Your contract should require parents to hand over a copy of any court order affecting custody or pick-up rights at enrollment and whenever that order changes. It should also list, by name, every adult authorized to pick up the child, and state flatly that you will not release the child to anyone off that list without written authorization from the custodial parent.

Many providers add a clause stating that in a conflict between parents, they will follow the most recent court order on file and may call law enforcement if the situation turns unsafe. That is a reasonable, defensible position.

ID verification at pickup is a good habit. Your contract can require photo ID from any adult you do not personally recognize.

What is the relationship between your contract and your insurance policy?

Your contract and your daycare liability insurance have to work together. A contract clause that stretches your liability into areas your policy does not cover leaves you personally exposed. Flip it around: a policy with a higher limit than your contract's liability cap gives you a buffer the contract never acknowledges.

Most general liability policies for daycare operations cover bodily injury and property damage arising from your business. Typical coverage for a home daycare is $1 million per occurrence and $2 million aggregate, though it varies by carrier and state [7]. Your contract's liability cap should not exceed those policy limits.

Professional liability insurance (sometimes called errors and omissions) covers claims that you failed to deliver the services you promised. If a parent claims their child was not properly supervised and fell behind developmentally, that is a professional liability claim, not a general liability one. Many home daycare policies leave it out by default.

Before you finalize your contract, send the relevant clauses to your insurance agent and ask straight: "Does my policy cover this scenario?" That call takes 15 minutes and can save you from a gap that only shows up at the worst possible moment.

Some providers assume a homeowner's policy covers their daycare. It almost never does, and many homeowner's policies carry explicit exclusions for business activities [7]. Running care out of your home with no separate business policy is one of the most common and costly mistakes in home-based childcare.

How often should you update your daycare contract?

Review your contract every year, minimum. Licensing regulations change. Case law in your state can shift what clauses hold up. Your own policies drift over time.

Update it sooner when any of these happen:

  • Your state's licensing agency issues new rules or guidance
  • You change your rates, hours, or services
  • You add or drop an activity (a new swimming program, say)
  • A dispute exposes a gap in your current language
  • You switch insurance carriers or change coverage levels

When you update, have every current family sign the new version. Do not assume an old signature covers new terms. Send the updated contract with a short cover note explaining what changed and why. Families appreciate the openness, and it leaves you a clean record.

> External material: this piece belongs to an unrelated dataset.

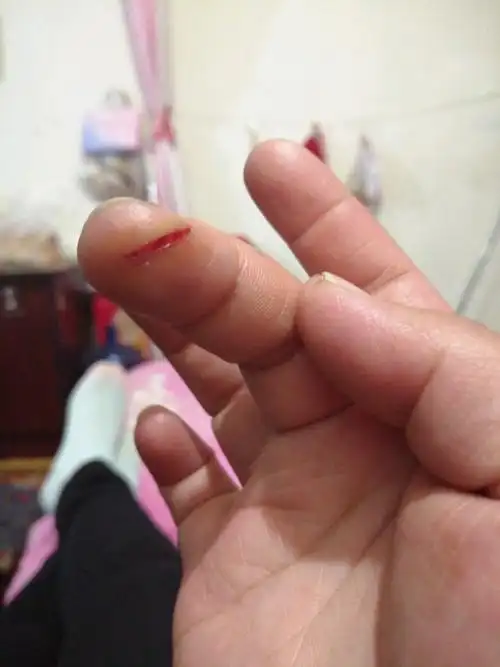 亲们怀孕22周了今天把手割伤了没事吧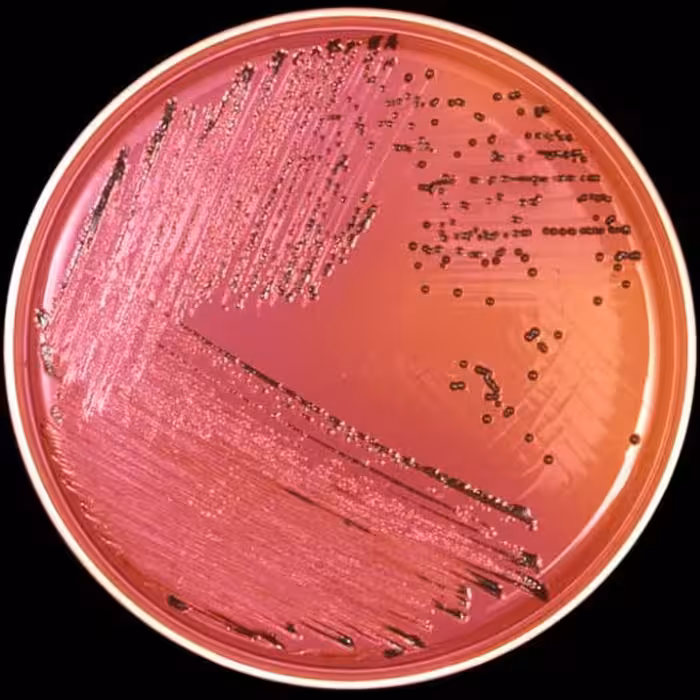 سالمونلا انتریکا  Salmonella enterica subsp. enterica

Have an attorney review major changes, especially new liability clauses or a changed termination policy. A one-time legal review runs $150 to $500 in most markets and earns it back the first time a dispute goes sideways. Do not copy another provider's contract without understanding every clause and whether it holds up in your state.

What should you do when a parent refuses to sign?

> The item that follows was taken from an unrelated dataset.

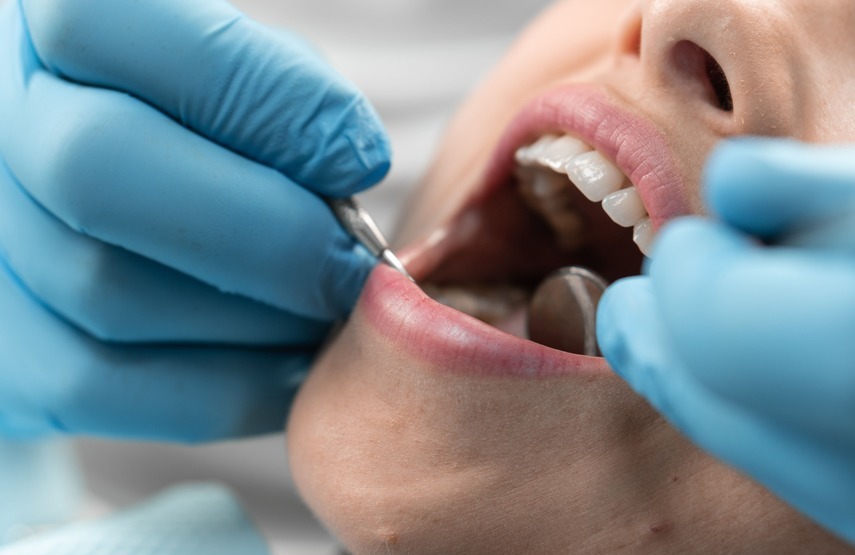 Consulta por inflamación de encías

Do not enroll without a signature. Sounds obvious. Providers bend this rule under enrollment pressure all the time, especially when a spot is hard to fill.

If a parent pushes back on a specific clause, explain your reasoning. If the clause is truly non-negotiable (your termination policy, for instance), say so plainly. If you are willing to change it, put the agreed change in writing as a dated addendum signed by both parties.

Some parents object to photo releases or social media clauses. Those are easy to adjust without touching your liability position. A parent who objects to your liability limitation clause is a warning sign. That objection suggests they are already thinking about suing you.

Keep signed copies in a physical file and a digital backup. If a claim lands three years from now, you need to produce the contract immediately. Handshake deals, text threads, and verbal understandings are nearly impossible to enforce in court.

Frequently asked questions

Can a daycare contract completely eliminate liability for injuries?

No. A contract can limit liability to specific types of harm or cap the dollar amount owed, but it cannot eliminate liability for gross negligence, intentional harm, or licensing violations. Courts in many states strike down any clause attempting a total waiver of personal-injury liability as against public policy. Your contract reduces exposure. It does not create immunity.

Is a verbal daycare agreement legally binding?

Oral contracts can technically be enforceable, but proving what was agreed to is nearly impossible without documentation. In disputes over tuition, pick-up policies, or injury liability, a verbal agreement gives you almost nothing to stand on. Every term you care about belongs in a signed written document. Most states also require written enrollment agreements for licensed facilities.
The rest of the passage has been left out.